Hago mis practicas en Mexico city, y queria saber como escribir mi firma en mis email.

Maxime XXX
"practicante" de Ingeniero de Calidad y Procesos

esta bien?

Slds


----------



## swift

Bienvenido M4skk.

Yo omitiría ese detalle; me parece que no es necesario señalarlo. Sin embargo podrías firmar de este modo: Ingeniero practicante de Calidad y Procesos. Pero espera más comentarios por favor.

Saludos,


swift



M4skk said:


> Hola todos*: [deux points pour la salutation initiale dans la correspondance en castillan]*
> 
> Hago mis pr*á*cticas en M*é*xico D.F. (o "en la ciudad de México"), y quer*í*a saber c*ó*mo escribir mi firma en mis correos electrónicos.
> 
> *¿E*st*á* bien?
> 
> S*a*l*u*d*o*s.


----------



## Barbara Colt

En México también usamos "pasante" para stagiaire.
saludos


----------



## ebeatriz17

Hola comunidad quisiera saber si me pueden ayudar con estas palabras Estoy traducciendo una ATTESATTION DE STAGE, tengo problemas en algunas palbras,tengo la idea pero no se como plasmarla.En el caso de élève sé que es educado pero en este contexto como se le diría al practicante SÓLO PRACTICANTE?

en qualitè d'élève stagiaire 

En calidad de practicante 

*** Una sola pregunta por hilo.
Norma 2. Para tus otras dudas existen ya otros hilos.
Gévy (moderadora)

Gracias 

Perú


----------



## ebeatriz17

Podría traducir?
en qualitè d'élève *stagiaire* = En calidad de practicante 

Pero como quedaría la parte donde dice "d'élève" 

Gracias


----------



## ebeatriz17

Hola he buscado, pero no he encontado una respuesta de acuerdo a lo que estoy buscando. Puede traducirse de esta manera

en qualitè d'élève *stagiaire*  = en calidad de practicante

Y como queda "d'élève"


----------



## Luli30

Hola Ebeatriz,
Por qué no dices simplemente "en calidad de estudiante en prácticas"?
A ver qué opinan los nativos...


----------



## Gévy

Hola Ebeatriz 17:

La solución que nos das es para Perú, ¿verdad?

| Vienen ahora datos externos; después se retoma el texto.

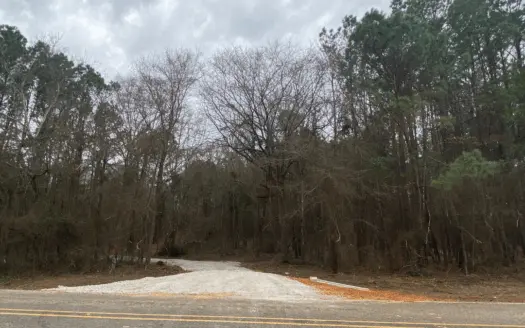 Homesite Location in Gilmer, Tx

Esta solución no sería correcta en España, por ejemplo, donde un practicante es similar a un enfermero. Siempre es bueno precisar el país de habla española a la que se refiere la traducción (ya que se te olvidó precisarlo en tu perfil)

Bisous,

Gévy


----------



## ebeatriz17

Sí es para Perú, ya actualize mi perfil.
Me han dado esta sugerencia

en qualitè d'élève *stagiaire* =en calidad de estudiante en prácticas

Me parece bien, pero me gustaría saber su opinión.

Gracias


----------



## Gévy

Hola Beatriz:

En prácticas, es lo que decimos aquí. Si también te vale para Perú, estupendo pues. 

Bisous,

Gévy


----------



## Pedro Felipe

En Colombia, sin asomo de dudas, se dice _*pasante*_. (Me sorprende que tengamos que ir país por país, pues tengo la sospecha de que es una palabra del español internacional...)


----------



## j'aitrouvé

Como antes dicho, en España se usa becario en algunos casos. Ejemplo concreto: ahora mismo soy becario en una empresa de traducción en el país Vasco (Euskadi)-me pagan (poco) y soy estudiante de Máster en Suiza. Luego como lo mencionaron algunos, depende del país y del contexto (área profesional, tipo de formación). Espero que ese ejemplo adicional ayude a alguien (aunque pasaron unos años desde que salió el tema, jéjé).


----------



## noroeme

Para completar este hilo con los diferentes usos según los países:
En Colombia, "becario" se refiere a quien recibe una "beca" para realizar sus estudios.... es más una ayuda que un pago. Generalmente se otorgan estas becas a estudiantes con niveles de excelencia (y existe la figura de la "media beca"). 
Nunca se diría aquí "becario" para un "stagiaire": éste es un "estudiante en prácticas, o en pasantía", a quien se le paga o no se le paga, según el contrato. Al "stage" le decimos "pasantía" (pero suena raro en Colombia decirle "pasante" al "stagiaire").


----------